:: DATA TO PROCESS

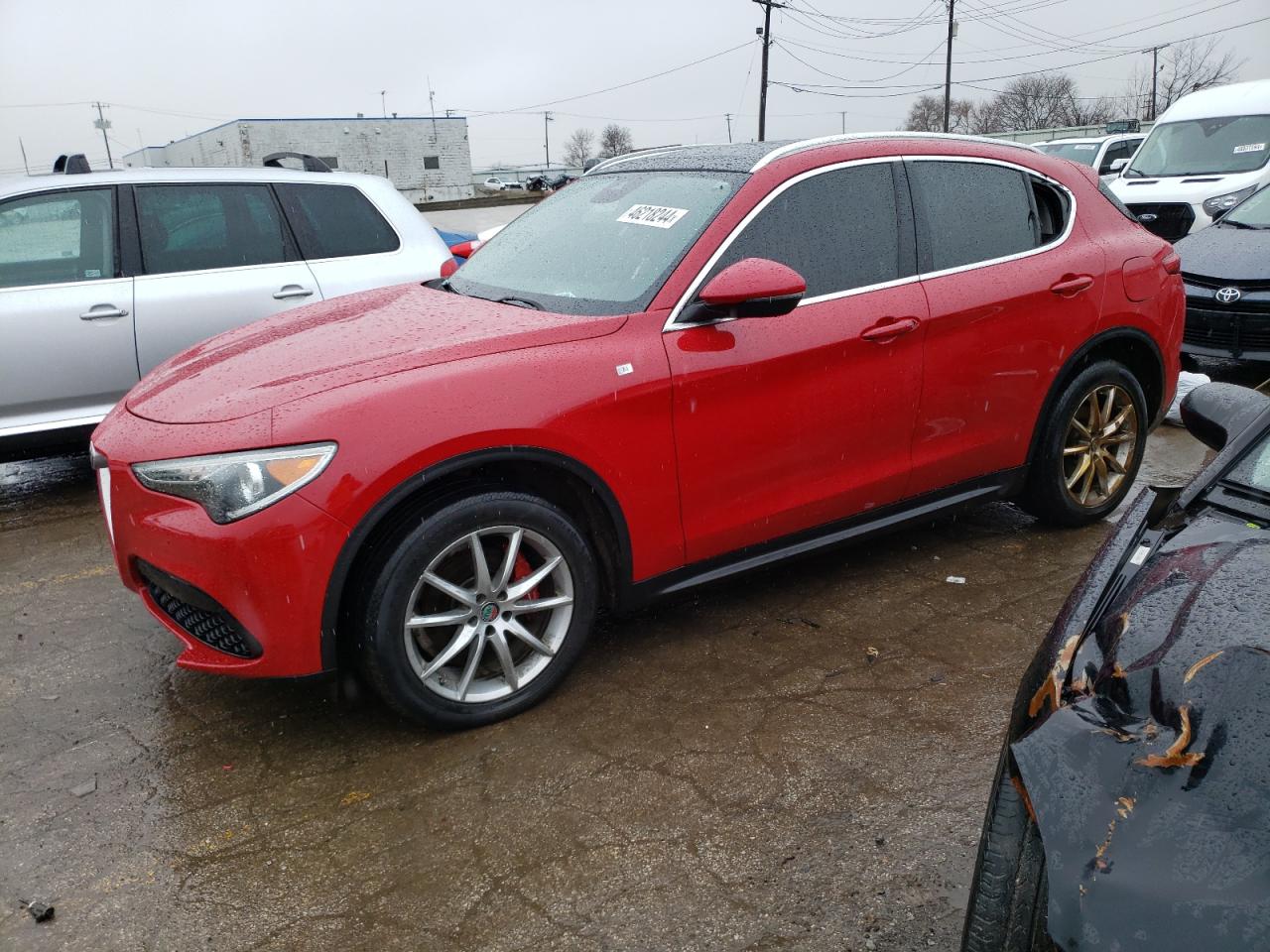 2018 ALFA ROMEO STELVIO TI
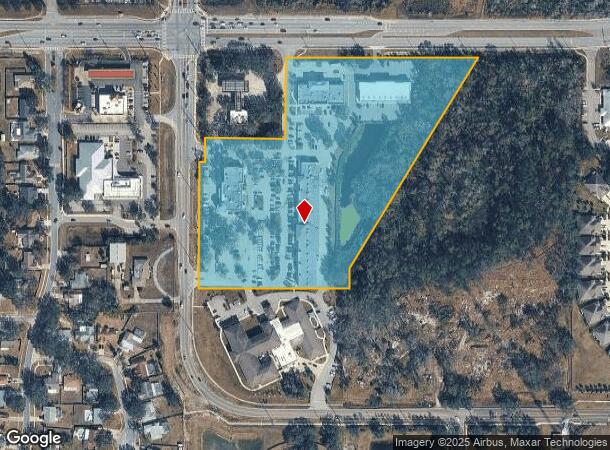 13420 Boyette Rd, Lithia, FL Parcel Map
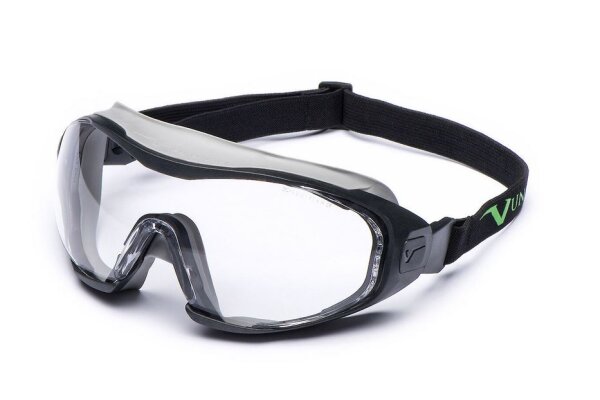 Univet 6X1 Schutzbrille mit Sehstärke durch RX Einsatz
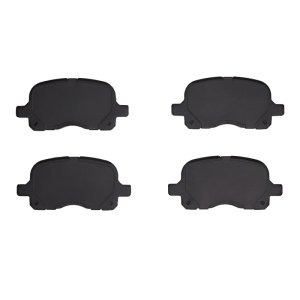 Toyota Corolla Brake Pads - Front - R1 Concepts - Semi Met - `98-`02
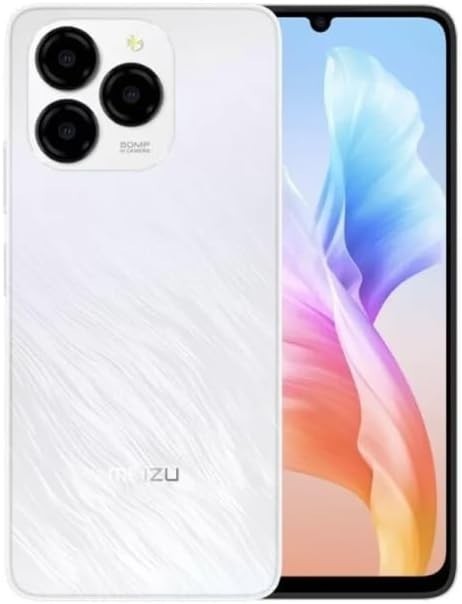 Meizu Note 21 256GB for T-Mobile/ International Unlocked Sma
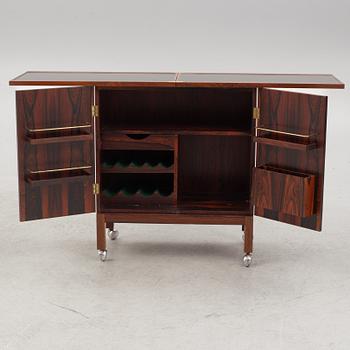 Torbjørn Afdal, bar cabinet, "Times", Bruksbo, Norway, mid-20th century.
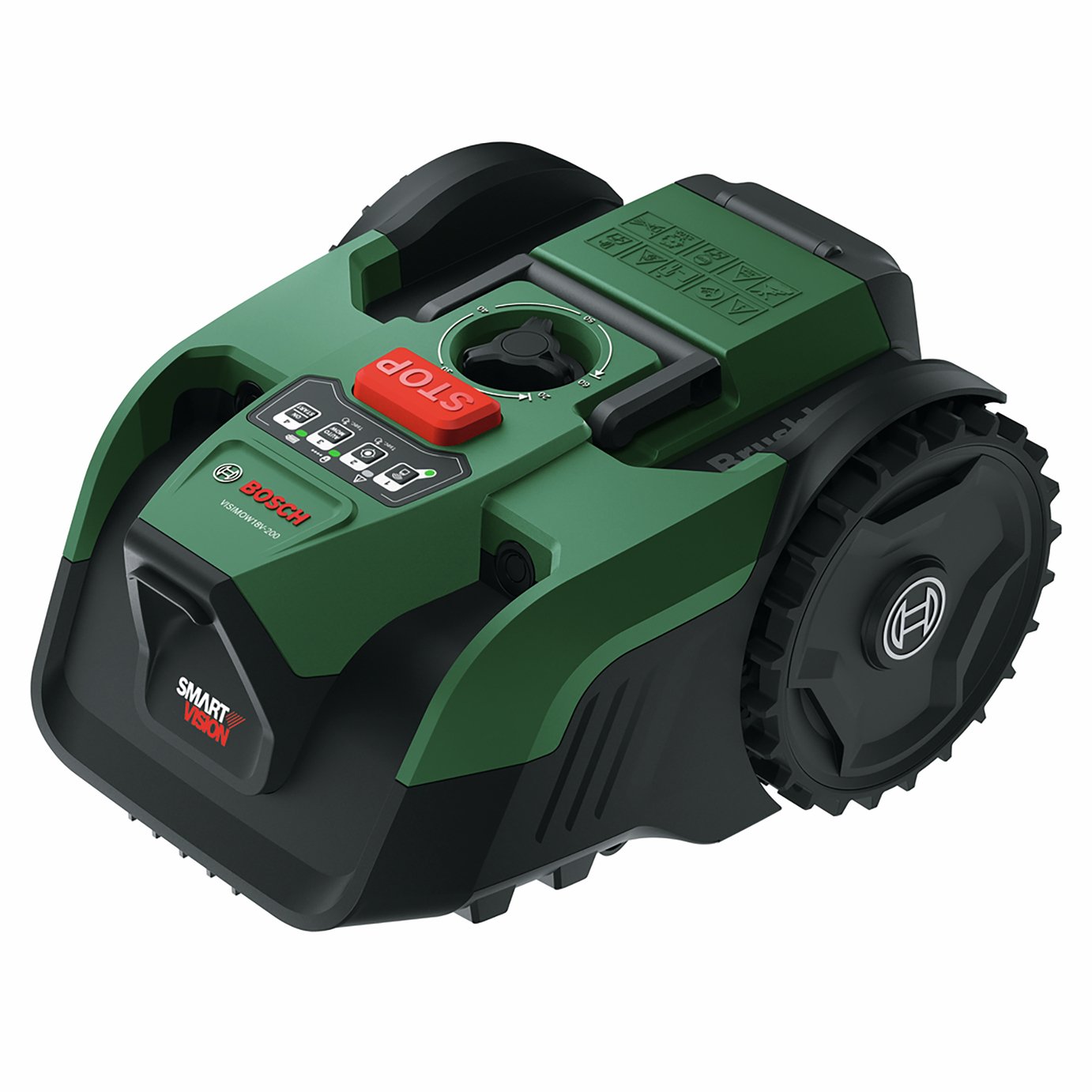 Bosch VISIMOW18V-200 18cm Cordless Robotic Lawnmower - 18V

::::

Would you copy out the data exactly, leaving every picture out?

 2018 ALFA ROMEO STELVIO TI
 13420 Boyette Rd, Lithia, FL Parcel Map
 Univet 6X1 Schutzbrille mit Sehstärke durch RX Einsatz
 Toyota Corolla Brake Pads - Front - R1 Concepts - Semi Met - `98-`02
 Meizu Note 21 256GB for T-Mobile/ International Unlocked Sma
 Torbjørn Afdal, bar cabinet, "Times", Bruksbo, Norway, mid-20th century.
 Bosch VISIMOW18V-200 18cm Cordless Robotic Lawnmower - 18V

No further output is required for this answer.